Blogger katiez said...

Your dinner sounds lovely! Thanks for the tip about the mushrooms...I had no idea that some vendors could/would do that! I'll watch...

10:39 AM, September 24, 2007  
Blogger winedeb said...

What a wonderful accounting of your day! Plus a great education on mushrooms. I know what you mean regarding the photos. They sometimes stop the flow of a wonderful time even though you want to capture it! My hubby hates it when we are ready to sit down to a hot meal and I hold him up due to photos.

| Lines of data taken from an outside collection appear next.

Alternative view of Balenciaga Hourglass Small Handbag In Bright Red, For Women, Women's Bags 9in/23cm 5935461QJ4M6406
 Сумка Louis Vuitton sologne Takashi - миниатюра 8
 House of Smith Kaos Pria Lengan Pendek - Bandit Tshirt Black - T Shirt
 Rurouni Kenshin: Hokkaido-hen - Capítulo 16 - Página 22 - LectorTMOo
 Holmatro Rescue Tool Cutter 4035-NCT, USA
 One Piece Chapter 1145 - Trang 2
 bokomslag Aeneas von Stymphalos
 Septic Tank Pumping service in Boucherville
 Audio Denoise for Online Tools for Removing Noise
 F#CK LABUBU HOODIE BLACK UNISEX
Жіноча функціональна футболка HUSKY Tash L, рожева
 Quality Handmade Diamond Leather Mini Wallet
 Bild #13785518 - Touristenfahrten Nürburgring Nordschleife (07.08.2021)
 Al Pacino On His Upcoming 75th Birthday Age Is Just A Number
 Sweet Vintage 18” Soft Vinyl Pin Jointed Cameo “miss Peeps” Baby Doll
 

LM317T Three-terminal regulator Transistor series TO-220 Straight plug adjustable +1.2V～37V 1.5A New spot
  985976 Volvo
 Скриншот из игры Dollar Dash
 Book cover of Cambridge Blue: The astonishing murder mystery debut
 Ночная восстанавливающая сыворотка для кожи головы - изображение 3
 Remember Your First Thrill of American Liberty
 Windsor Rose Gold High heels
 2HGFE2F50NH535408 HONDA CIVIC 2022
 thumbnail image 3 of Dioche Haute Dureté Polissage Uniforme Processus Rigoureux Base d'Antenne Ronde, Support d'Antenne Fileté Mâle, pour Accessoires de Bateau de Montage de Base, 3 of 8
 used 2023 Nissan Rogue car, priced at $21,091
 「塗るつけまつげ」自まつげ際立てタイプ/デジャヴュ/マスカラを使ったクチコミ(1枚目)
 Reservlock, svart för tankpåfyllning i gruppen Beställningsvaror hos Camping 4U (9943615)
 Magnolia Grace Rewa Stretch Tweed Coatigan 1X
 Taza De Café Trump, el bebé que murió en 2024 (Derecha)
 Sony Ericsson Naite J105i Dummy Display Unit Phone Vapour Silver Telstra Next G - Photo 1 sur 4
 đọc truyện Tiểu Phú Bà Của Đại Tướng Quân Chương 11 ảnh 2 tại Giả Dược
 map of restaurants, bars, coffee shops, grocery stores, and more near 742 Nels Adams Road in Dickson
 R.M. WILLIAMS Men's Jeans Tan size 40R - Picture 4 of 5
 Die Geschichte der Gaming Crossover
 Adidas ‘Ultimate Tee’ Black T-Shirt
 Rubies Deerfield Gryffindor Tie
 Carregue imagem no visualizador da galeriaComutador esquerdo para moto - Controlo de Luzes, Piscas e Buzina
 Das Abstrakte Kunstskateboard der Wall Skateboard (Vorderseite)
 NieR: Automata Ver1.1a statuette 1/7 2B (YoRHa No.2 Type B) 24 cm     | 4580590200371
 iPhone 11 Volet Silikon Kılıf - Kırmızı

Oh well, what are we blogging journalists suppose to do!

8:54 PM, September 24, 2007  
Anonymous bea at La tartine gourmande said...

Just a lovely story Lucy!

11:02 PM, September 24, 2007  
Blogger Wendy said...

Lucy how nice to read this just as I am making soup gratin also!!! indeed the smell of those onions is wonderful!

1:18 AM, September 25, 2007  
Blogger SteamyKitchen said...

Bah! to the mushroom vendor cheats

3:40 AM, September 25, 2007  
Anonymous myfrenchkitchen said...

Wonderful reading and a mouthwatering menu! Not too mention the beautiful pictures I could enjoy while scrolling down reading...
Ronell

11:05 PM, September 26, 2007  
Anonymous Anonymous said...

You should consider using a pressure cooker for making stock from roasted bones. Far quicker, more energy efficient, produces a richer, more flavourful stock - all the rich aroma goes to waste when you simmer the bones for hours and finally allows you to make stock from chicken bones with minimal palaver. Ok, so it is one more item taking up space in your kitchen but the last justification alone is a good-enough reason for acquiring one.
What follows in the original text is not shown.